Tory leadership candidates aren’t focused on the issues that really matter
This week, three reports landed from influential bodies painting a dismal picture of where we are as a nation, writes Chris Blackhurst
For some time now, it’s as if we’ve been existing in a parallel universe.
There’s the one in which the public sector is cracking at the seams, in all areas. There are backlogs everywhere, shortages of staff across the board, everything is taking longer – the impression is of a national and local administrative, operational machine grinding to a halt.

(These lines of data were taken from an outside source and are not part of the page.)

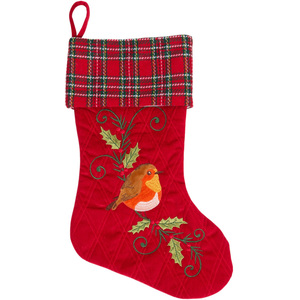 Tartan Robin Stocking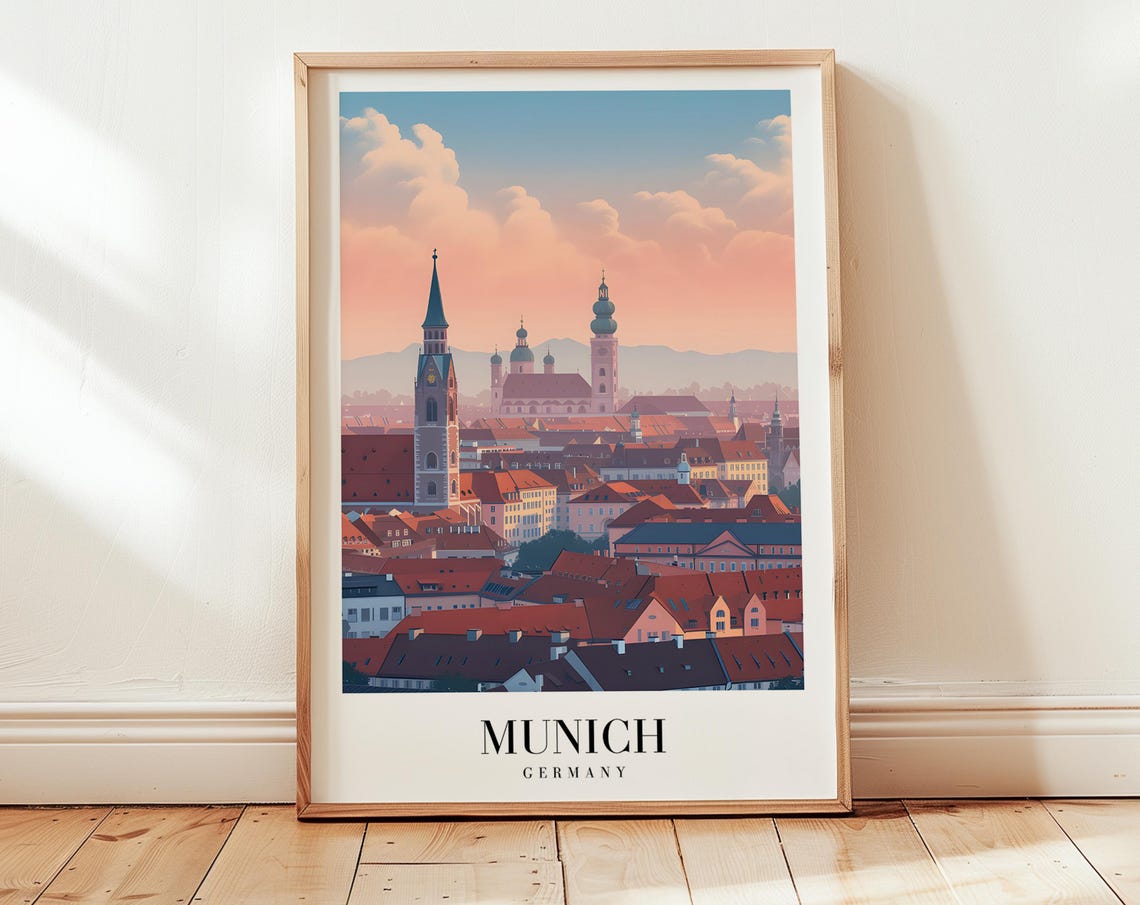 Munich Germany Church Spires Rooftops Sunset Minimalist Travel Poster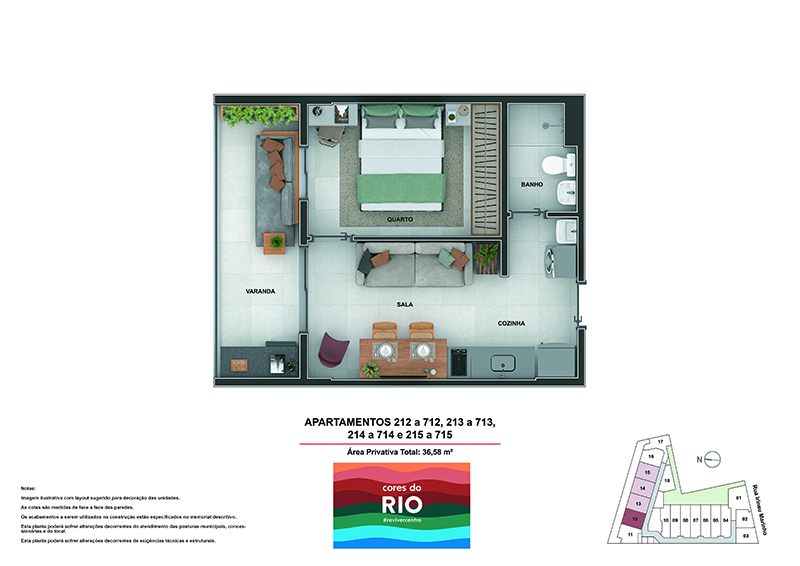 Planta 10 - 1 dorm 36 58m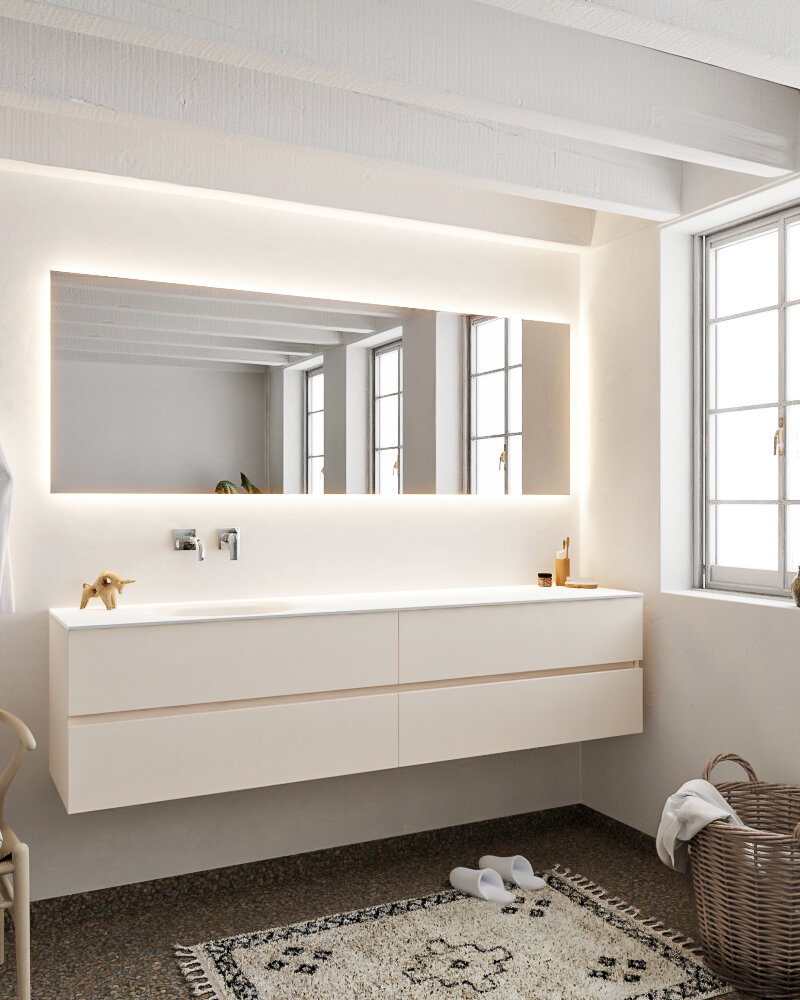 MONDIAZ VICA 200cm mueble de baño Linen 4 cajones lavabo MOON Izquierda sin orificio. 2 MONDIAZ VICA 200cm mueble de baño Linen 4 cajones lavabo MOON Izquierda sin orificio. - Imagen 2
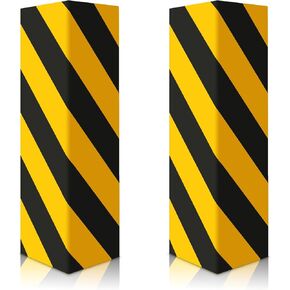 2pcs Garage Wall Guards Wall Protector Cover Yellow and Black Foam Wall Corner Guard for Parking Garages (Yellow+Black)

And there’s the one in which the outgoing prime minister was arguing with his then-chancellor about making tax cuts. That dispute has spilled over to the Conservative leadership contest, to the extent that it has come to dominate the proceedings. You could be forgiven for supposing this is a competition based entirely around the ability of the entrants to deliver reductions in taxes, such is the attention heaped on this one aspect of policy.

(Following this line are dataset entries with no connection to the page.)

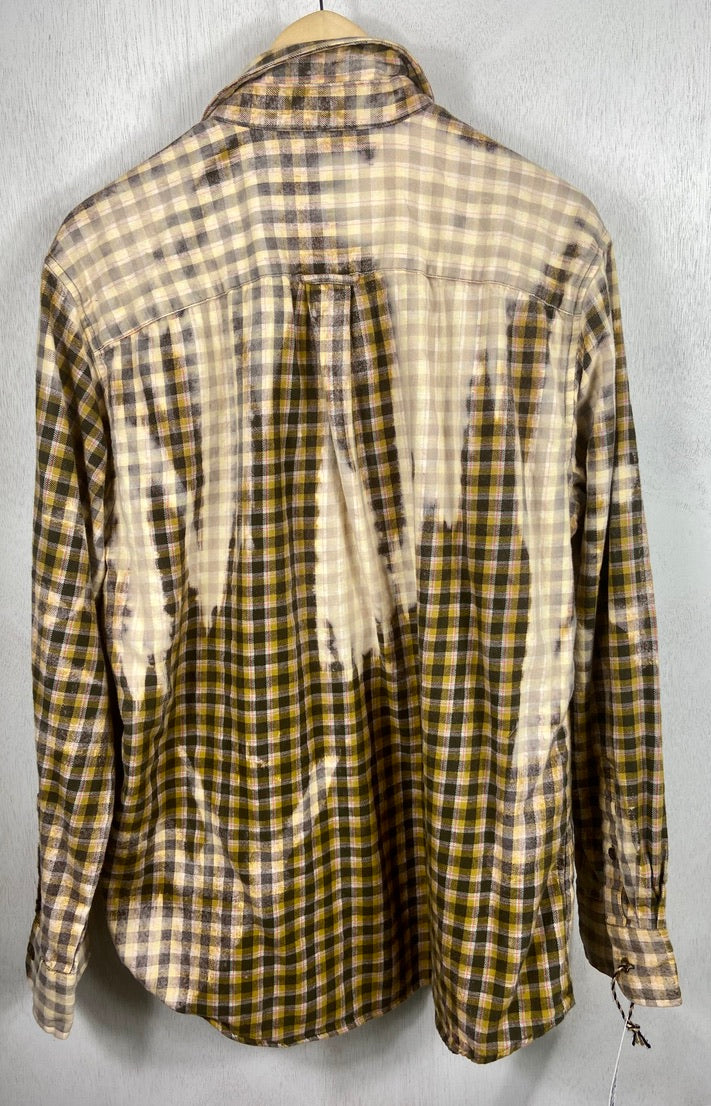 Vintage Brown, Mustard and Cream Flannel Size Large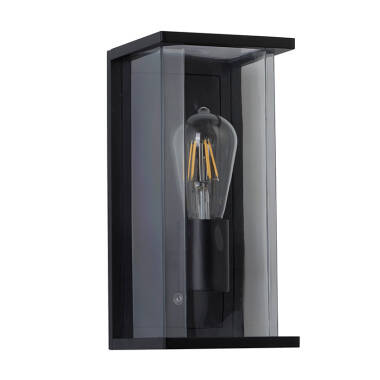 Image of Searchlight Ashby Half Lantern Outdoor Wall Light with Dusk to Dawn Sensor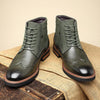 MEN'S RETRO CARVED SPLICING LACE-UP BOOTS 14362395S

It's bizarre, and wrong. Fine, if ours is a boom-boom, all-systems-go, high-growth economy, where prosperity and spending are surging through the land so that the exchequer’s receipts are on an upward trajectory then, yes, cut taxes safe in the knowledge that the cash would flow in from increased activity, raised employment, sales and profits.
But that is not where we are – quite the reverse. Yet most of the Tory candidates insist on pushing their belief in reductions and, to be fair, they are put on the spot, constantly, to reinforce that position.
Only one, Rishi Sunak, is more circumspect. That, you suspect, is down to his natural caution, not to mention the fact that he is the single contestant who is fully on top of the figures, who was briefed about them daily as chancellor and who knows what is really happening – and what is achievable and, yes, justifiable.
Sunak, though, is not allowed to maintain his stance without being made the subject of hostility, spilling into downright abuse. Johnson was opposed to his view.
Rarely is it asked why Sunak is taking that line. Instead, it’s used as an excuse for straightforward character assassination – that Sunak is not bothered by his personal tax burden because he is so rich and out of touch with ordinary people. No matter that these same ordinary people must wait for months to be seen in the NHS, are witnessing the cutting and closure of social services, their public transport links are less reliable and they cannot get a quick answer from officialdom in any department anywhere because there are not enough officials to deal with them.
Nowhere in this is the word “growth” ever mentioned. Nor is there any focus on our long-term economic strategy. This week, just when the would-be leaders were pressing the flesh among their fellow MPs at Westminster, three reports landed from influential bodies. None of the studies was raised in the campaign.
The Resolution Foundation think tank warned that the UK economy was being dragged down by a “toxic combination of low growth and high inequality”. The Treasury select committee charged ministers with a “lack of long-term thinking in economic strategy”. And the public spending watchdog the National Audit Office (NAO) chipped in with research determining that the government’s skills strategy was inadequate for the needs of business.
Were these tomes waved in front of Sunak, Penny Mordaunt, Liz Truss and co? Were they heck. Did the right-wing press seize upon them and demand answers from those who want to govern us? No chance. Rather, it was all about how soon and by how much they aimed to trim taxes.
The Resolution Foundation, working with the Centre for Economic Performance at the London School of Economics, concluded that our productivity levels had almost reached those of France and Germany in the mid-2000s but then took a beating in the aftermath of the 2008 financial crisis and continued to slip behind during the subsequent Tory-led recovery.
Our richest 10 per cent may be better off than their counterparts in most European countries, but our middle-income households are £8,800 poorer than their equivalents in Australia, France, Germany and the Netherlands – and, far from narrowing, that gap is widening. Torsten Bell, director of the Resolution Foundation, did not mince his words, saying the government was “not serious about the nature of our economy… not serious about firms investing… not serious about levelling up… not serious about fairness… [and] not serious about taxes”.
The Tory-led Treasury committee highlighted the fall in the workforce since the start of the Covid-19 pandemic and the persistent weakness of productivity growth. It said there should be additional resources to tackle long Covid, to help get people back into the labour market and extra assistance from the Treasury to offset the damage done by Brexit, alongside a greater effort to find opportunities from leaving the EU.
Tory MP Mel Stride, who chairs the committee, said that although a focus on tax was a “good start” in improving productivity growth, “the evidence that we received suggests there needs to be greater stability and long-term certainty in government policymaking”.
The independent NAO questioned if we had a skills strategy adequate enough to equip the UK’s workforce for the decades ahead. Brexit, said the NAO report, had reduced the supply of skilled workers from the EU and increased the need to train employees domestically. But corporate training budgets declined by 11 per cent between 2011 and 2019, and 39 per cent of employers had provided no training for their workforce in the previous 12 months.
The watchdog’s boss, Gareth Davies, said it was “essential” that government and employers supported the acquisition of skills.
Three reports from heavyweight organisations painting a dismal picture of where we are but also pointing out what requires to be done. Meanwhile, in Neverland, with the selection of our next prime minister, they’re focused entirely on tax cuts.